Today, the SEC announced that it had approved the previously published proposals by the national securities exchanges and FINRA to expand the circuit breaker rules to all stocks in the Russell 1000 Index and certain exchange-funds.
The circuit breaker rule was originally approved in June for application to stocks in the S&P 500 Index. Under the circuit breaker rule, trading in a security is paused for a five-minute period if the security experiences a 10 percent price change over the preceding five minutes.
In addition to the expansion, the SEC also approved new FINRA rules designed to provide objective guidance for striking erroneous trades:
For stocks that are subject to the circuit breaker program, trades will be broken at specified levels depending on the stock price:
- Stocks priced $25 or less - trades will be broken if the trades are at least 10% away from the circuit breaker trigger price.
- Stocks priced more than $25 to $50 - trades will be broken if they are 5% away from the circuit breaker trigger price.
- Stocks priced more than $50 - trades will be broken if they are 3% away from the circuit breaker trigger price.

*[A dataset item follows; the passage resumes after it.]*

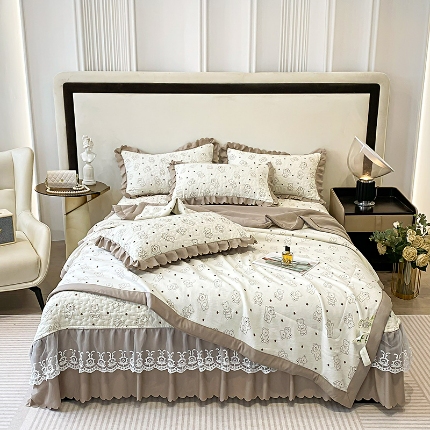 91家纺网 家纺一手货源 找家纺 （总）2025春夏A类母婴级泡泡纱床盖款夏被四件套泡泡棉小竺棉双层纱棉麻纯棉全棉夏被四件套纯棉全棉夏被四件套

Where circuit breakers are not applicable, trades will be broken at specified levels for events involving multiple stocks depending on how many stocks are involved:
- Events involving between five and 20 stocks - trades will be broken that are at least 10% away from the “reference price,” typically the last sale price before pricing was disrupted.
- Events involving more than 20 stocks - trades will be broken that are at least 30% away from the reference price.
These new rules were designed in response to the disruption of May 6, and will be in effect on a pilot basis through Dec. 10, 2010.
As the SEC continues to consider policy responses to the May 6 "flash crash," Senator Charles Schumer (D-NY) sent a letter earlier this week to Chairman of the SEC Mary Schapiro urging the SEC to consider adopting new rules to “slow down” high-frequency trading during periods of high market volatility, and proposed curbs on particular techniques. Senator Schumer also suggested that the SEC adopt restrictions on certain techniques such as such as “quote stuffing” and sub-penny pricing.